==== Records for this exercise ====

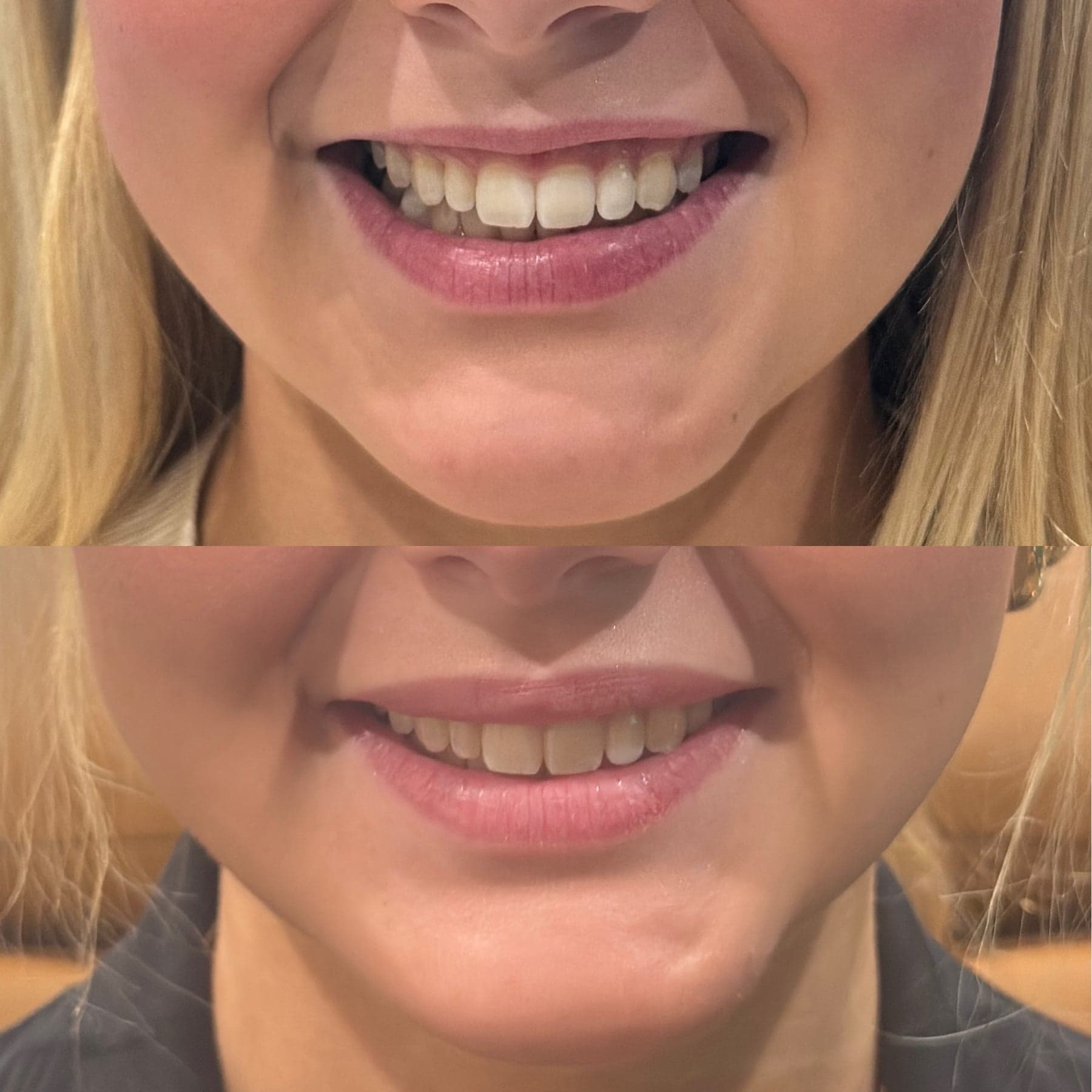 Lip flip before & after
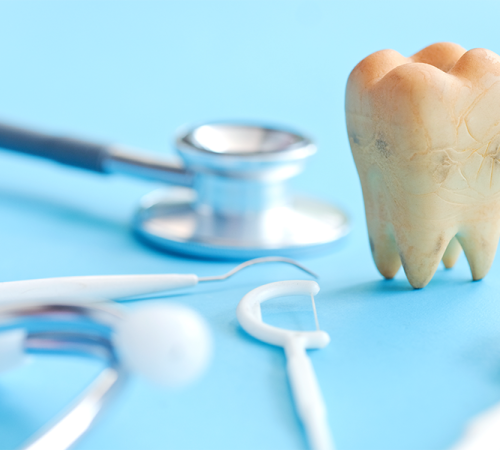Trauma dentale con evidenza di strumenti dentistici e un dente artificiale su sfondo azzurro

====
==== Records for this exercise ====

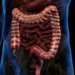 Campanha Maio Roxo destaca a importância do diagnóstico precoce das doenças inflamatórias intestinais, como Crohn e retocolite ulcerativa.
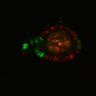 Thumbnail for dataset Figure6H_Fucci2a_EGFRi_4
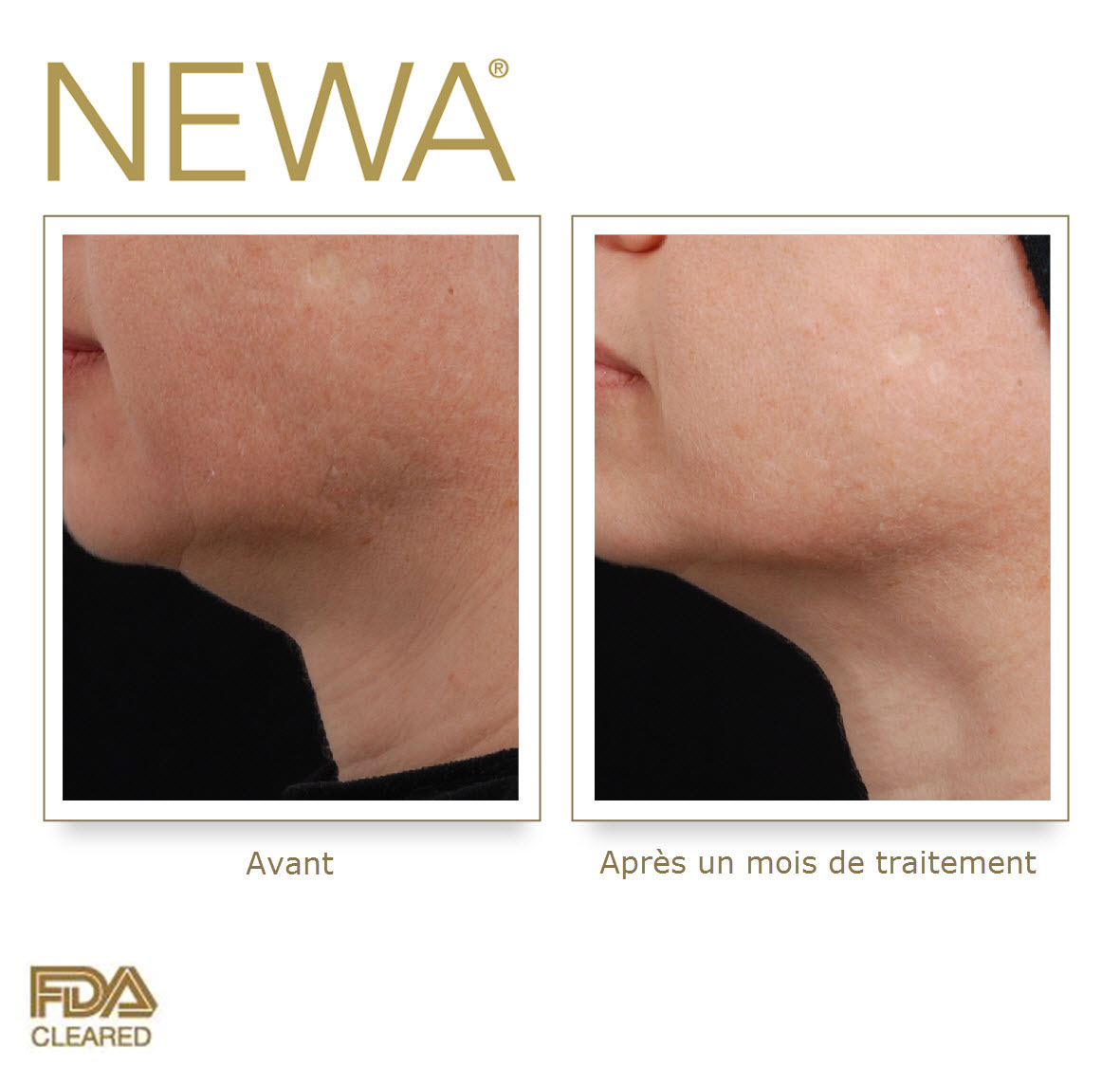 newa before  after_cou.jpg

====

> **Task objective**:
An exact copy is needed. It runs from the line above containing "Lip flip before & after" down to the line containing "Trauma dentale con", both included, with no pictures.

> **Your solution**:
 Lip flip before & after
Trauma dentale con evidenza di strumenti dentistici e un dente artificiale su sfondo azzurro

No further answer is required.